As an aside, we are doing a second install with DATASAT RS20i ($32K) and they too are having issues with Apple TV. A new firmware update was released by DATASAT to address this issue. We're also hearing reports of audio issues with streaming services like NETFLIX on a couple of Trinnov units. It would seem that this is the new normal; hence the processors will always be playing catch up to the rest of the industry. Should keep the Emotiva engineering team busy for the foreseeable future.
|
|
|
Post by SteveH on May 28, 2019 15:38:31 GMT -5
... a crackle sound in the matrixed speakers. While using ZONE 2 this weekend I noticed a very distinct crackle in both the left and right channels. The crackle is random, it happens in both channels and the crackle does not happen at the same time in both channels. Each channel has its own random crackle. I have replaced RCA cables, used different amplifier channels and used different sources (HDMI1, HDMI2, COAX1) with no change. I do not have any crackle issues with the MAIN system, just ZONE 2. I have listened to ZONE 2 regularly since I purchased my Emotiva system in Dec 2018. ZONE 2 is for my garage and back patio. I do not recall having this crackle issue until recently and the only thing that changed for me was me upgrading the RMC-1 to 1.3, hmmmmm.
|
|
|
Post by tom9933 on May 28, 2019 16:03:57 GMT -5
This is what is a bit confusing. In reviewing the standards differences, it clearly states that 1.4 can only transmit 8 channels of audio, but we know that to be different now. The DOLBY statement is probably dated later than what I was looking at with the corrected information. In all our other setups, we have always dealt with the same HDMI version throughout the chain to minimize issues, but it's good to know that a mix with legacy hardware is also workable on the audio side at least.
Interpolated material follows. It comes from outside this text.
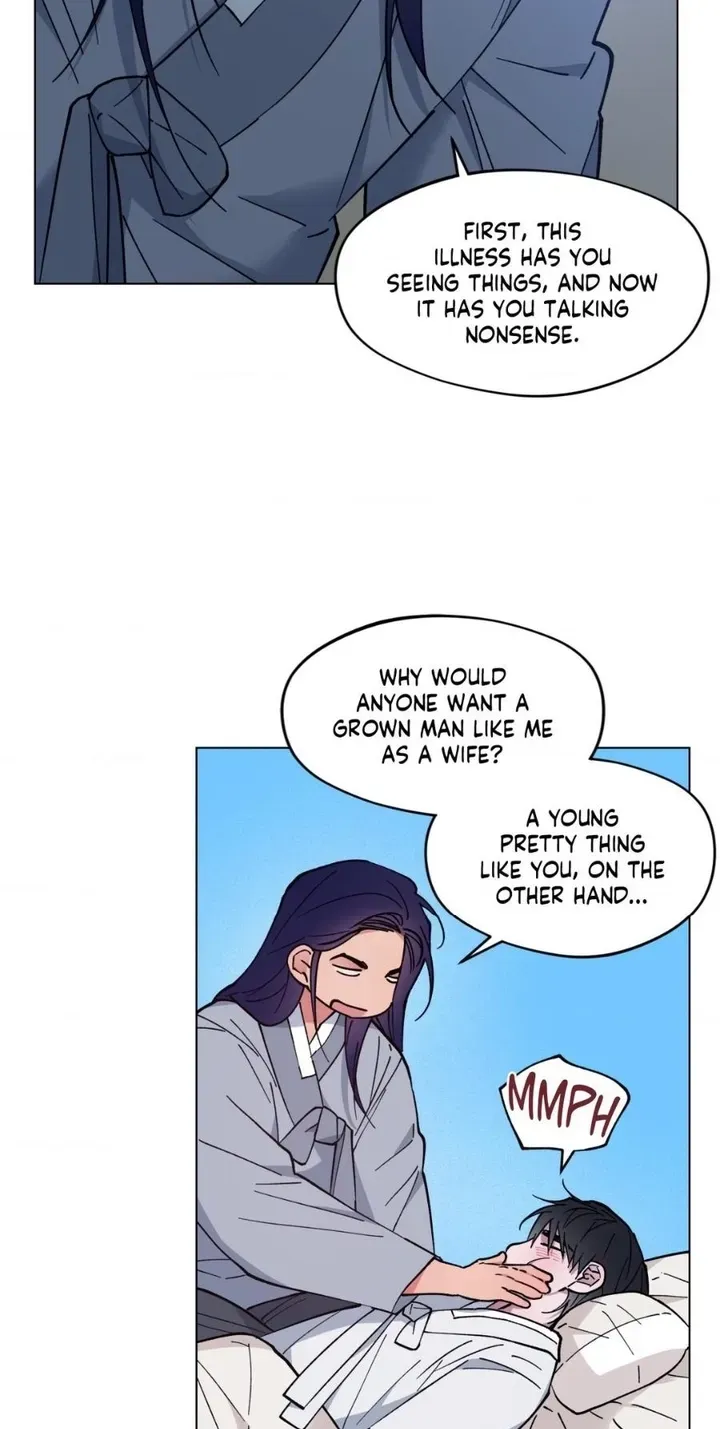 Dawn Chapter 41 page 60 - 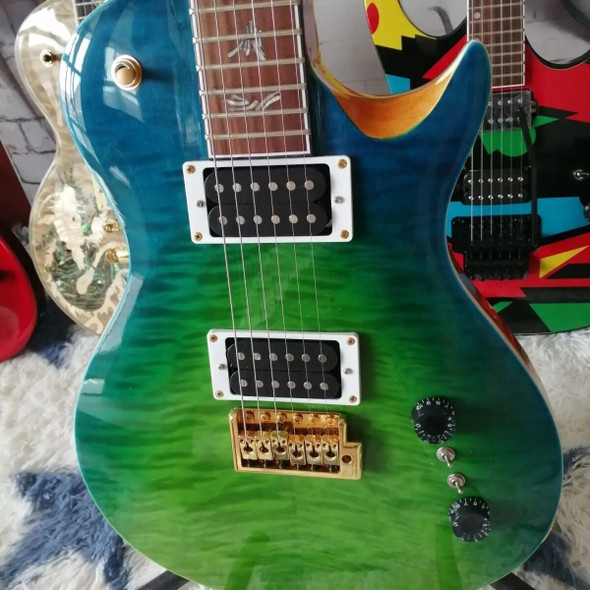 Factory Direct Sales of High-quality Professional Electric Guitars Beginner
As an aside, we are doing a second install with DATASAT RS20i ($32K) and they too are having issues with Apple TV. A new firmware update was released by DATASAT to address this issue. We're also hearing reports of audio issues with streaming services like NETFLIX on a couple of Trinnov units. It would seem that this is the new normal; hence the processors will always be playing catch up to the rest of the industry. Should keep the Emotiva engineering team busy for the foreseeable future.
So in the past the conversation related to Atmos was that the receiver actually mapped the audio to the speakers that were present in the system. As for the streaming issues its odd that the high end units are having issues, I never had any issues with either my older Pioneer Elite (old 1.4 unit) or Denon 8500 receivers...
|
|
|
Post by aswiss on May 28, 2019 17:37:46 GMT -5
I had that several times, after I modified something in the setup - switched Input etc - the sound played, Display says proper Sound Mode, but I had no sound from + Front + Surr. It sounded like far away, and only from the Tops (maybe the Surr as well - was not checking). (I have a 5.0.4 Setup with Ceiling LS) After e reboot, everything was fine again.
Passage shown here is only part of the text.